* [MATERIAL FOR THIS TASK]:
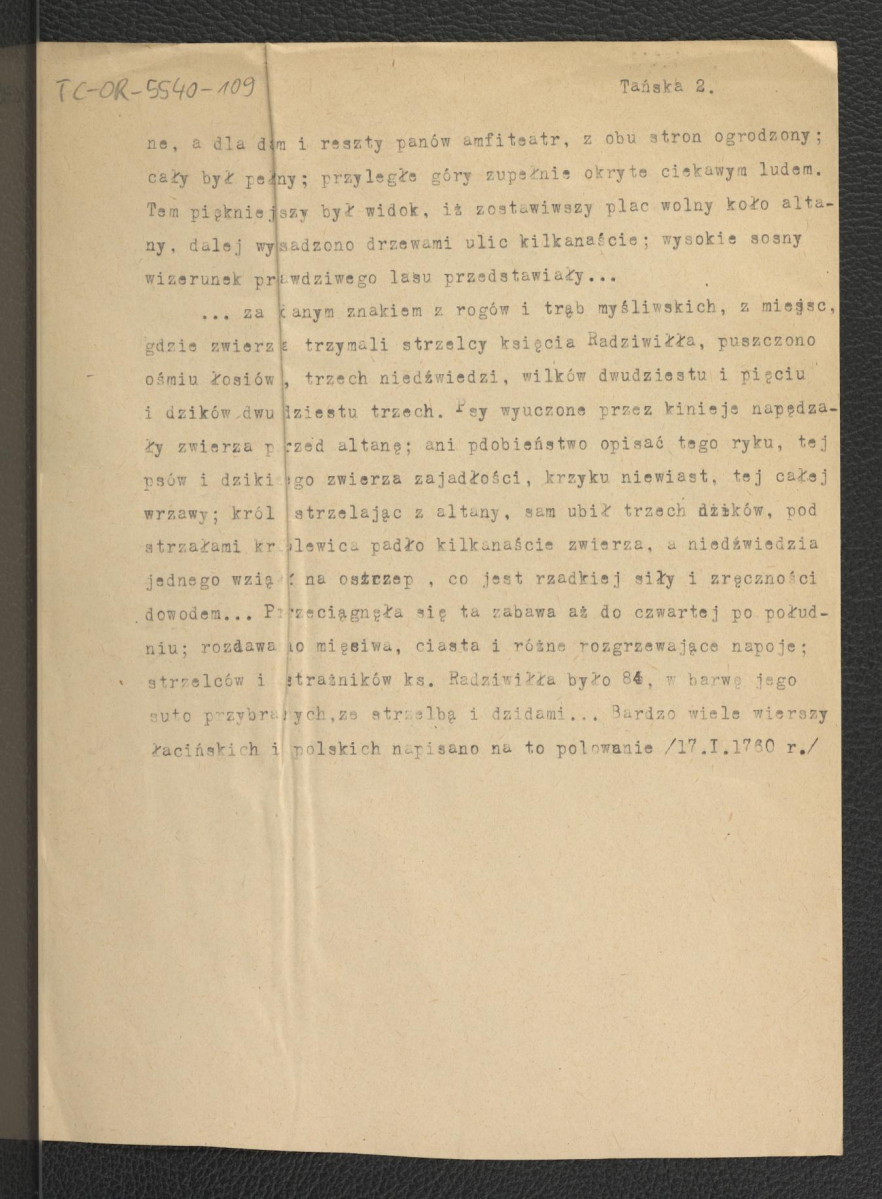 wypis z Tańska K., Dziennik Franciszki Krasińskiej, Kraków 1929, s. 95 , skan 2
* * *
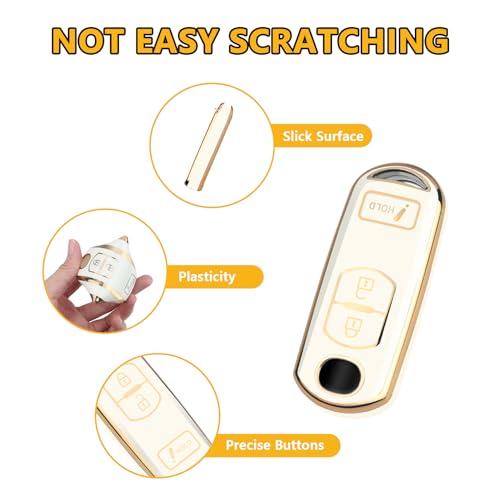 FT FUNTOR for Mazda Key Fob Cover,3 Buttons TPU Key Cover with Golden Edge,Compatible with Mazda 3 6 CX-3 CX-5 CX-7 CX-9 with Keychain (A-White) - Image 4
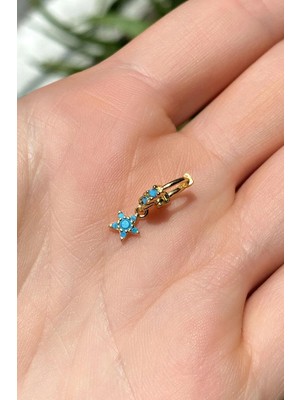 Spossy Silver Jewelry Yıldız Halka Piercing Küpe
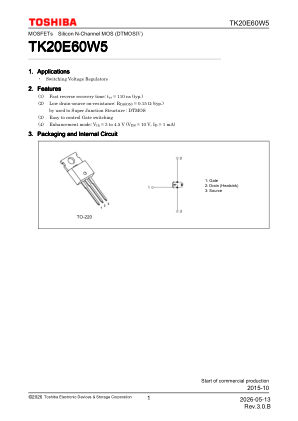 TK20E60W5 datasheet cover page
==
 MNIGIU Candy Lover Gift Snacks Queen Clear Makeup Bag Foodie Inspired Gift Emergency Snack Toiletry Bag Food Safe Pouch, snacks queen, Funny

* [DIRECTIONS]: From the listing above, restate verbatim the lines running from the one with "FT FUNTOR for" through the one with "TK20E60W5 datasheet cover page", inclusive, but not the pictures.

* [ANSWER TO THE EXERCISE]:
 FT FUNTOR for Mazda Key Fob Cover,3 Buttons TPU Key Cover with Golden Edge,Compatible with Mazda 3 6 CX-3 CX-5 CX-7 CX-9 with Keychain (A-White) - Image 4
 Spossy Silver Jewelry Yıldız Halka Piercing Küpe
 TK20E60W5 datasheet cover page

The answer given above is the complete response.